Morning Commentary: High-grade primary quiets; light supply on tap; fund flows weaken

By Cristal Cody

Tupelo, Miss., Nov. 2 – Deal action quieted early Friday with the high-grade bond market closing the week in line with syndicate deal forecasts.

Investment-grade issuers priced more than $19 billion of bonds in the first four sessions, compared to expectations for about $15 billion to $20 billion of supply.

Light volume is predicted in the week ahead due to the mid-term U.S. elections on Tuesday, Federal Reserve monetary policy meeting on Wednesday and Thursday and the upcoming Veterans Day holiday on Nov. 12, sources report.

For the week ended Oct. 31, Lipper US Fund Flows reported outflows of negative $3.75 billion for corporate investment-grade funds, compared to inflows of $415 million in the previous week.

Outflows from bond funds and ETFs declined to $1.9 billion this week from $3.42 billion a week earlier, BofA Merrill Lynch analyst Yuri Seliger said in a research note released on Friday. The reduction in outflows was driven by an improvement in government and junk bonds, while flows weakened for high-grade, loans and municipal bonds.
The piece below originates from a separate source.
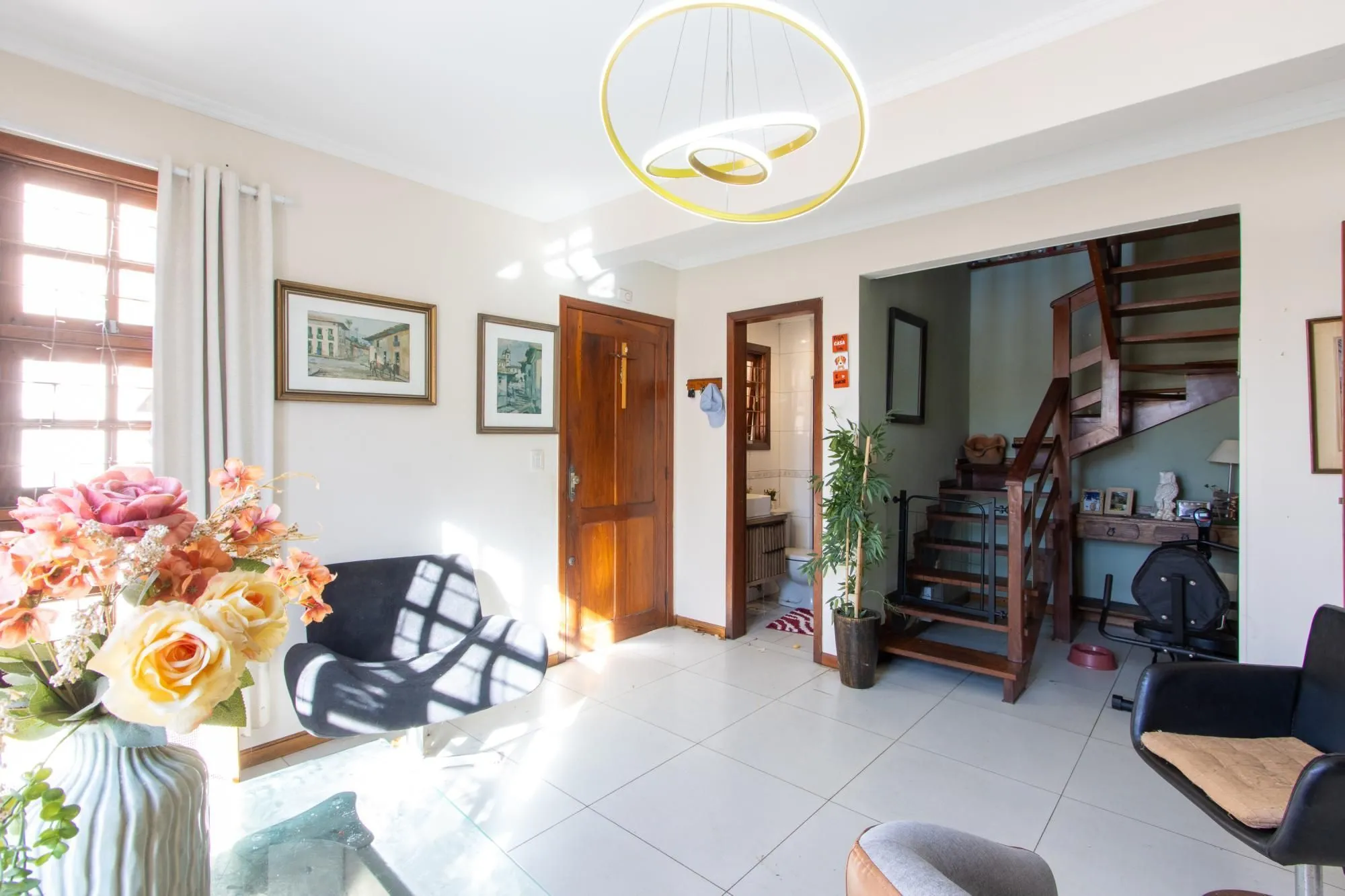 Imagem Casas de Condomínio para venda com Churrasqueira e 3 quartos, 145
High-grade outflows in the space that includes corporates, Treasuries, agencies and mortgages climbed to $1.59 billion from $600 million “as rotation out of duration continued,” Seliger said.

Inflows to the short-term high-grade space rose to $2.08 billion from $1.46 billion in the previous week, which was offset by an increase in outflows outside of short-term to $3.67 billion from $2.06 billion, according to the report.

Elsewhere, secondary market volume has been healthy over the week. On Thursday, $23.05 billion of high-grade bonds traded, while $26.81 billion of issues were traded on Wednesday, $21.03 billion on Tuesday and $17.67 billion on Monday, according to Trace.